Saturday, November 20, 2004

Why Count the Vote 2004

The various recount and other efforts underway, the efforts that might be mounted, and the calls for investigations into voting irregularities, don't need much justification. If fraud and suppression happened, and we have no doubt the GOPers engaged in both, these crimes against democracy must be exposed. That doesn't guarantee it won't happen again, but unless these efforts and techniques are exposed, they most certainly will be used again, starting with the next election.

But what about this 2004 election? Some argue that the votes that might be recovered won't be enough to change the outcome. But the above argument then pertains: do it for next time, show that people are serious about this.

Others argue that even if there are just enough votes to give Kerry a narrow electoral vote victory, Bush's popular vote majority would cripple a Kerry presidency so badly that it wouldn't be worth it to win.

But Bush's own 2000 selection as President belies that argument, even if you eliminate from consideration the 9-11 moment that transformed his presidency.

Suppose by some improbable series of events, enough votes appeared in Ohio to give Kerry a narrow electoral college victory before the election of Bush becomes official. Suppose nothing else changes, and President Kerry was inaugurated with both houses of Congress firmly GOPer, and Bush retaining a smaller popular vote plurality.

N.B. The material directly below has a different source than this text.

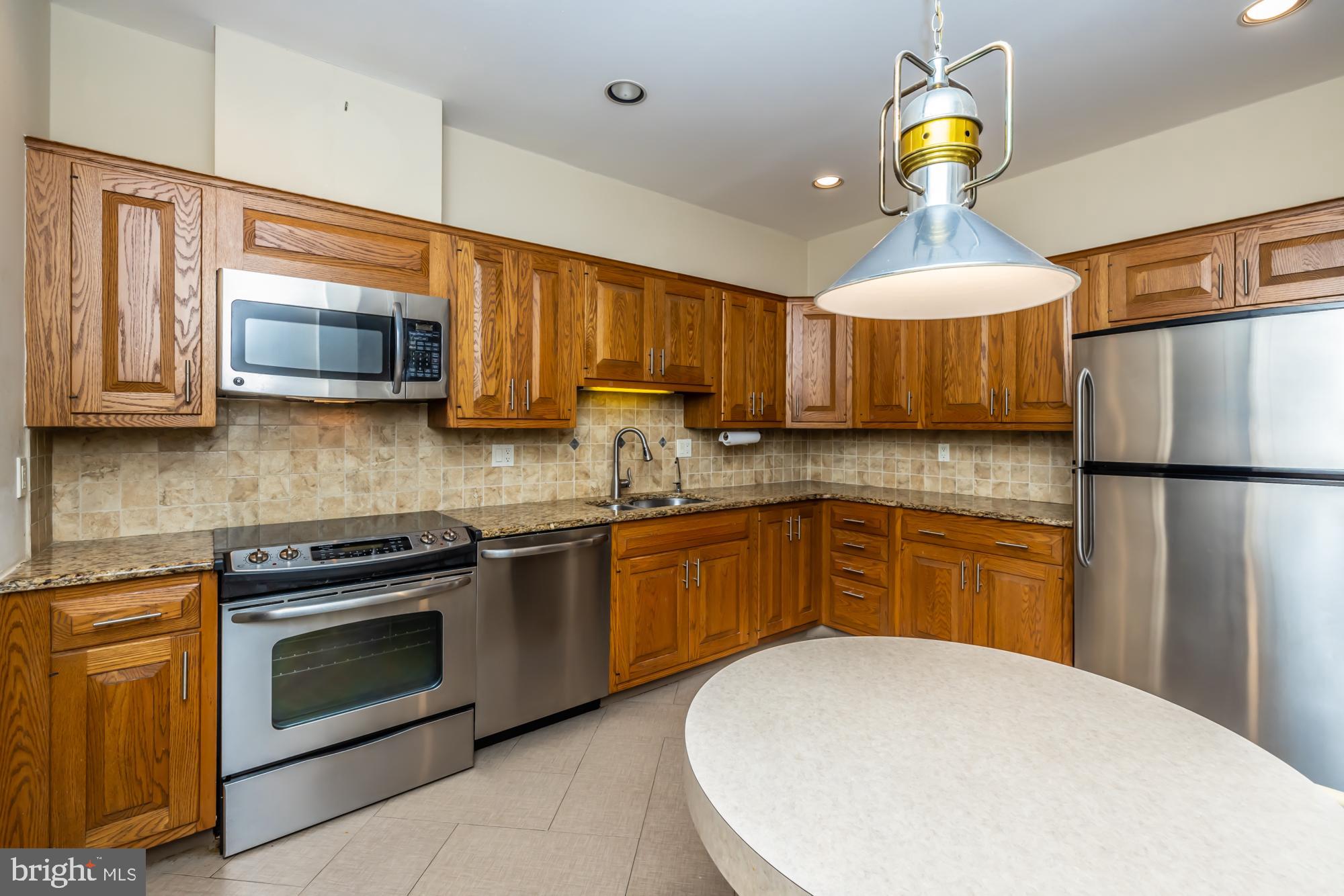 414 Old Lancaster Road, Unit 103 Haverford, PA 19041 - Photo 16 of 38 Stainless Steel Appliances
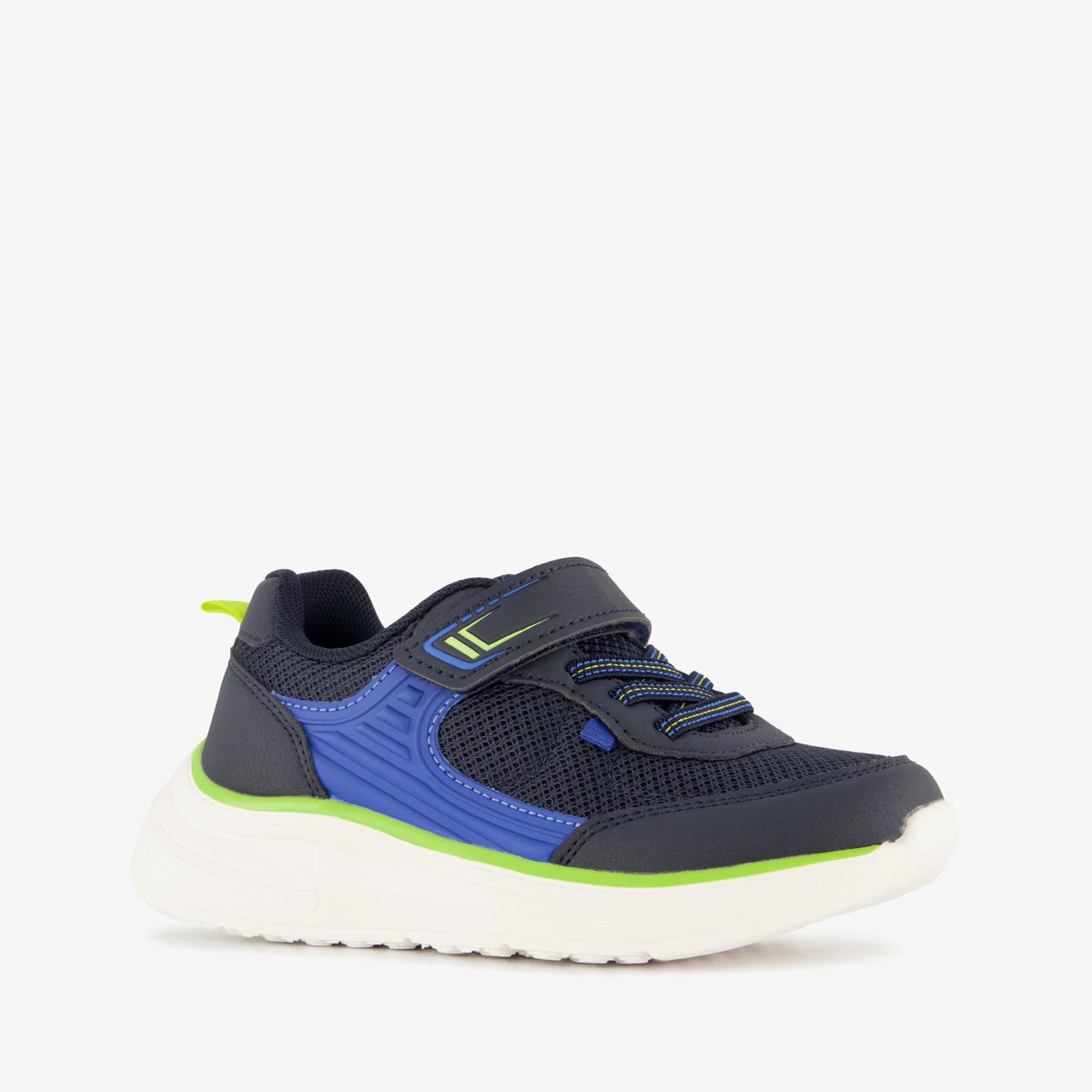 Osaga kinder sportschoenen blauw - Maat 31 - Uitneembare zool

Of course there would be contention, and Kerry would face a hostile Congress and a divided electorate. But he would have one overwhelming advantage. He would be President of the United States. Congress would have to react to him. It would be up to Kerry to realistically push for the most important legislation, and to introduce and fight for legislation that at least would provoke a public political debate, even if it had little chance of being passed by this Congress. Another House and a third of the Senate is elected in two years.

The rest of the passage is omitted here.